Он помнил прежнее Аделинино отравление, и уже в мыслях ругал невесту, такую дуру. Опять не уследила!
— Но-но-но, — возразил дурак-слуга, то ли цесарец, то ли чех. — Не краска, так.
Так… В Дворцовой конторе это «так» могло оказаться похуже цинковых белил.
Доктор со слугой вышли из крепости, спустились на лёд. До моста далеко было, по льду идти было страшно — кое-где уж подтаяли опасные полыньи. Но дорожка, протоптанная, со следами полозьев, была видна, и доктор побежал по ней — скорее. Солнце садилось, и ледяной дворец забирал в себя закатные лучи, на фоне сумрачного чернильного неба как будто наливаясь артериальной кровью. Полыньи чернели на льду, как раскрытые раны.

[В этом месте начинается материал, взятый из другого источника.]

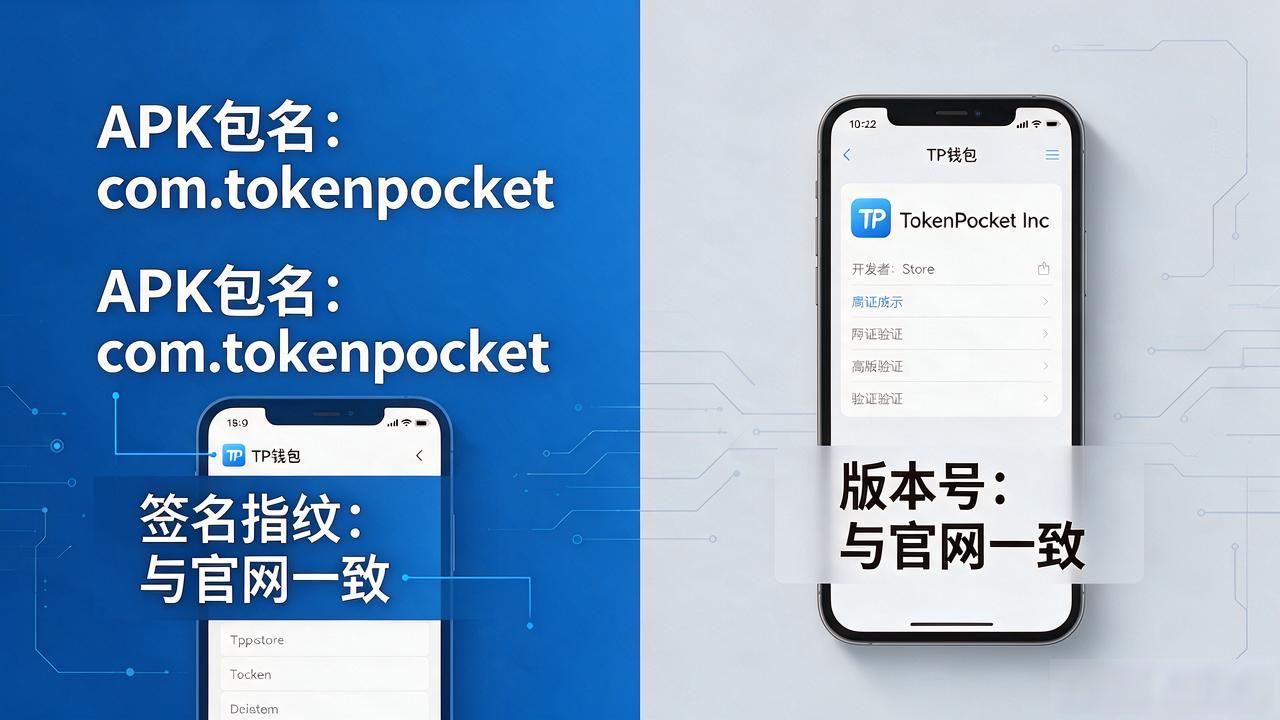 tp钱包官方下载入口在哪？认准正版不吃亏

Доктор перебежал реку, кое-где проваливаясь уже сапогами в подтаявшую влажную мякоть. Оглянулся у самого берега — где слуга, не утоп ли? Нет, дурак не утоп, шёл, растопырясь, по тропке, глядел, выворачивая шею, на блистательную ледяную дуру. Ну да бог с ним.

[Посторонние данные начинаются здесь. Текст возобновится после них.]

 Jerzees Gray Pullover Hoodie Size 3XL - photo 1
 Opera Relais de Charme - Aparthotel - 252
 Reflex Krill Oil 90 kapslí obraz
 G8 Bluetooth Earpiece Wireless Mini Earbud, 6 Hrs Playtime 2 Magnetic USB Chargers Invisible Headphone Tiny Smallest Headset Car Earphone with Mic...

Ван Геделе взбежал на берег, дождался лакея. Ведь без него не пустили бы во дворец. Вдвоём прошли они мимо охраны, привычным уже чёрным ходом. Переходы, повороты, сумрачная лесенка с гнилыми перилами. И, как солнечный удар в самое сердце, — золотые яркие залы Дворцовой конторы.
Окасек стоял перед дверью кабинета, как будто сторожил.
— А-а, доктор! — обрадовался он Якову. — Идите скорее, заждались вас.
И приоткрыл створку, ровно настолько, чтобы пройти человеку.
Оса лежала в кресле и ногами — на двух приставленных стульях. Аделина держала её за руку. И вокруг на полу стояли какие-то тазы, и кувшины, и бутыли с водой. Девочка была серого цвета, словно художник нарисовал на её лице глубокие тени и мертвенно выбелил лоб и кончик носа.
«Маска барона Самди» — так называл цвет лица у отравленных тофаной один кенигсбергский алхимик.
— Отпусти её руку, — машинально приказал Аделине доктор.
Не хватало ещё одного трупа. Отравленный тофаной становится сам ядовит, и поры его, и кожа.
— Не нужно, Ади, не отпускай. Кожа пропитывается ядом через шесть часов, а шести часов ещё не прошло. И не пройдёт, мы успеем раньше.
Ван Геделе оглянулся и увидел Рене Лёвенвольда, возле ажурного столика, и на столике стояли рядами пузырьки и баночки тёмного стекла. И раскрытый кожаный саквояж, докторский, дорогой, столь знакомый Якову Ван Геделе. Саквояж господина Рьен. Лёвенвольд был, как всегда, в золоте, в серьгах, накрашен и в руках, в полированных коготках, перекатывал медицинский стилет, словно играя.